The three-month average of the Chicago Fed National Activity Index (CFNAI) is expected to increase slightly to 0.04 in the update for October (scheduled for release on Nov. 27), according to The Capital Spectator's average econometric forecast. In the previous release for September, the three-month average was estimated at -0.03. Values below -0.70 indicate an "increasing likelihood" that a recession has started, according to guidelines from the Chicago Fed. Based on today's estimate, CFNAI's three-month average is projected to remain at a level that's historically associated with economic expansion and at a marginally higher-than-average trend rate.
Note, however, that today’s projection is impaired because of missing data in one of the models for calculating the average forecast. Due to last month's government shutdown, the September data for the U.S. Leading Indicator published by the Philadelphia Fed hasn't been updated, and so the projection via the VAR-4A model (see details below) isn't available at this time.
In the meantime, here's a closer look at the available numbers, followed by brief definitions of the methodologies behind our projections:
VAR-4A: A vector autoregression model that analyzes four economic time series to project the Chicago Fed National Activity Index: the Capital Spectator's Economic Trend & Momentum Indexes, the Philadelphia Fed U.S. Leading Indicator, and the Philadelphia Fed U.S. Coincident Economic Activity Indicator. VAR analyzes the interdependent relationships of these series with CFNAI through history. The forecasts are run in R with the"vars"package.
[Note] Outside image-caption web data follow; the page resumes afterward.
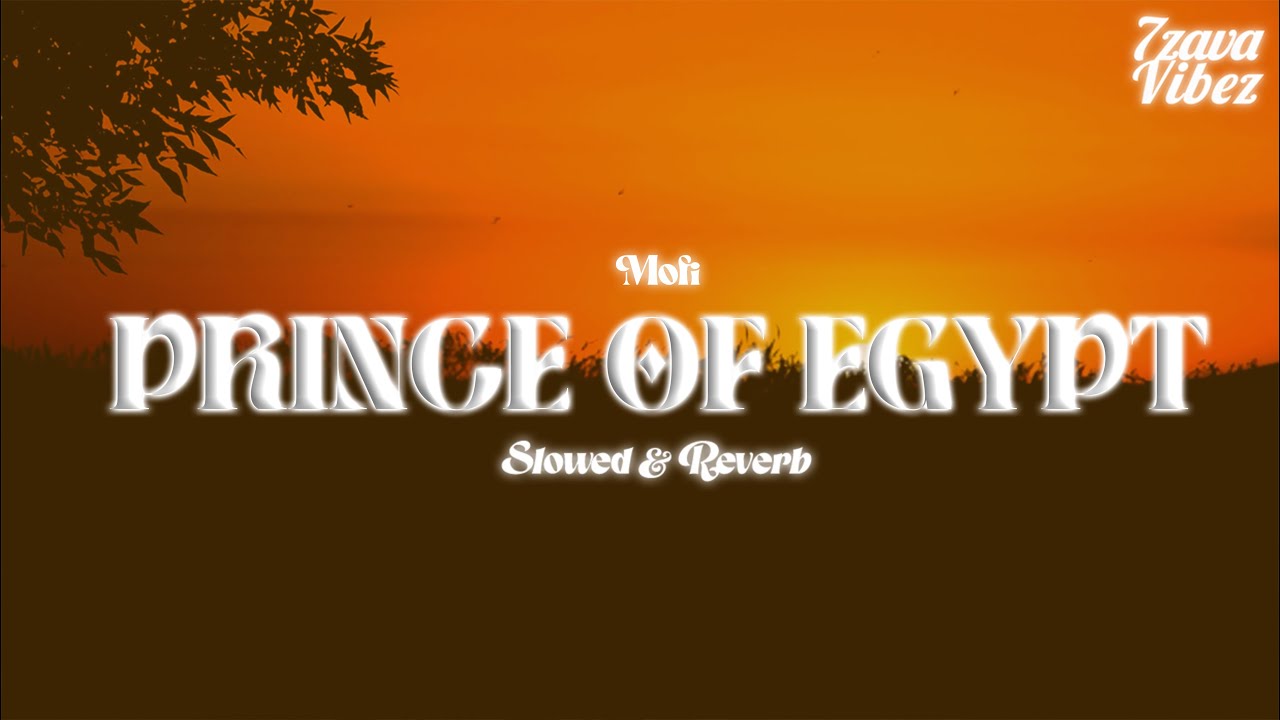 mofe. - prince of egypt [𝒔𝒍𝒐𝒘𝒆𝒅 + 𝒓𝒆𝒗𝒆𝒓𝒃]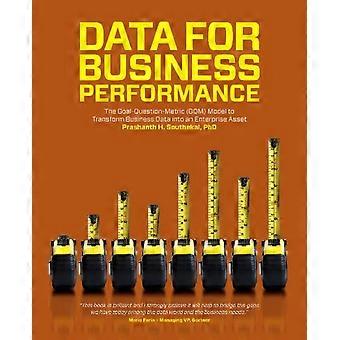 Data For Business Performance The Goal-question-metric Gqm Model To Transform Bu - Prashanth Southekal - Paperback - en Book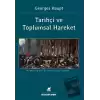 Tarihçi ve Toplumsal Hareket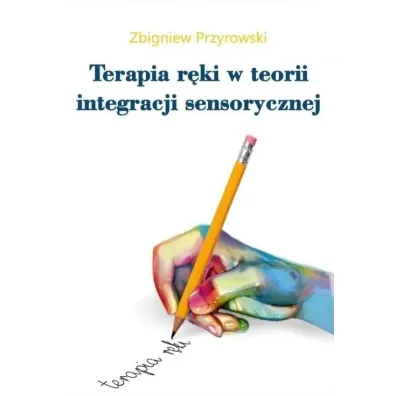 Terapia r�ki w teorii Integracji Sensorycznej - Zbigniew Przyrowski
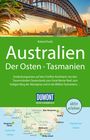 Roland Dusik: DuMont Reise-Handbuch Reiseführer Australien, Der Osten und Tasmanien, Buch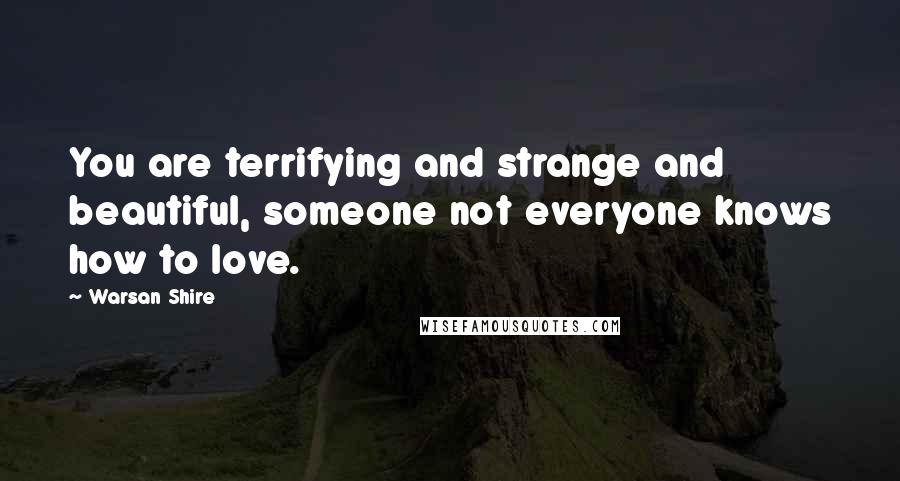 Warsan Shire Quotes: You are terrifying and strange and beautiful, someone not everyone knows how to love.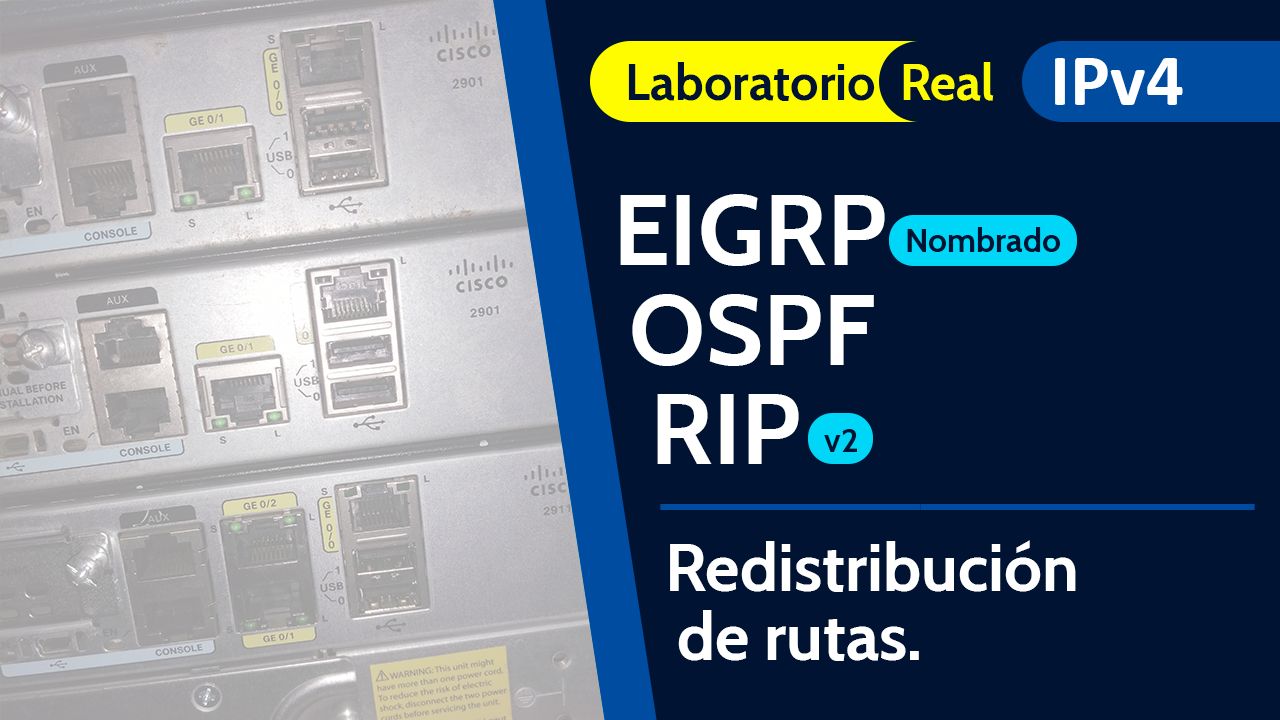 LABORATORIO CCNP: ENRUTAMIENTO Y REDISTRIBUCIóN DE RUTAS CON IPV4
VAR-4B: A vector autoregression model that analyzes four economic time series to project the Chicago Fed National Activity Index: U.S. private payrolls, real personal income less current transfer receipts, real personal consumption expenditures, and industrial production. VAR analyzes the interdependent relationships of these series with CFNAI through history. The forecasts are run in R with the "vars" package.
ES: An exponential smoothing model that analyzes the historical record of the Chicago Fed National Activity Index in R via the "forecast" package.